# Metallic Debris Getting into Electrical Disconnect Box.



## Wirenuting (Sep 12, 2010)

If a box has open knock-outs it’s an OSHA hit when something happens. 
It sounds like your company doesn’t employ liability lawyers.


----------



## Signal1 (Feb 10, 2016)

I would say your best bet is hire an electrician.

You could probably clean things up safely if you did proper shut-downs, however, an experienced electrician with all of the test equipment and safety gear would be much safer for you and your company, and also would be more likely to identify safety hazards that you may miss.

I would advise you to come up with an annual inspection program as well.


----------



## canbug (Dec 31, 2015)

It's not just the accumulation in the bottom of the boxes, metal dust on knife blades, fuses, anything in that disconnect can cause an arc flash, to clean these properly will require a shut down. I don't think I would even want to open a box or switch knowing the condition of the gear.
It's time to bring in someone knowledgeable, electrically, and get your worksite safe again.

Tim.


----------



## hotrod1442 (28 d ago)

Wirenuting said:


> If a box has open knock-outs it’s an OSHA hit when something happens.
> It sounds like your company doesn’t employ liability lawyers.

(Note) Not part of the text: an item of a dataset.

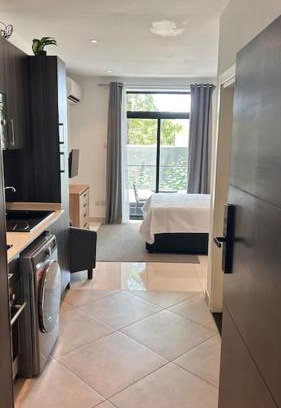 Cantonments Apartment | Comffy Cozzy Studio - Embassy Gardens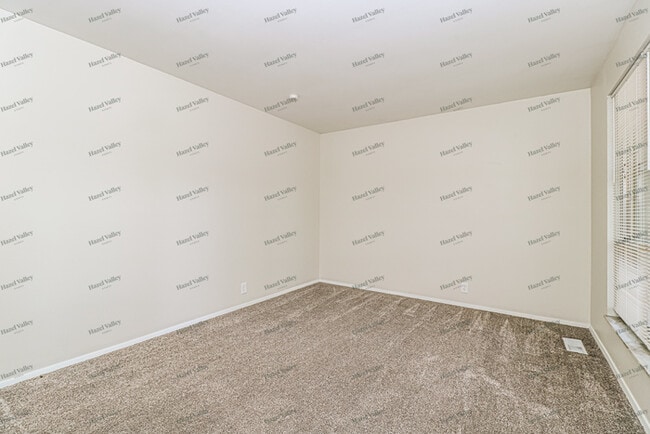 Building Photo - 1438 Friar Tuck Ln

No the "knock outs" are intact/in place, just the fact that even though they haven't been removed, I believe that they are likely allowing the metallic dust thru the cracks.


----------



## CMP (Oct 30, 2019)

hotrod1442 said:


> I'm the Plant Maintenance Foreman (certified Millwright/General Machinist,.....but NOT an Electrician) at a large machine/millwrighting/fab shop, and have a concern related to debris that is finding its way into the interior of electrical disconnect boxes throughout the facility.
> 
> The disconnects in the machine shop/millwright shop are accumulating metal shavings & dust, and the fab shop boxes are accumulating metallic grinding dust. I would describe myself as just having enough electrical knowledge to perform basic troubleshooting around the facility to keep equipment in service. (changing out blown fuses, resetting electrical overloads, simple rewires of single, and 3 phase equipment, etc.)
> 
> ...


If you need some ammunition to use for the boss, to get the point across, have a look here.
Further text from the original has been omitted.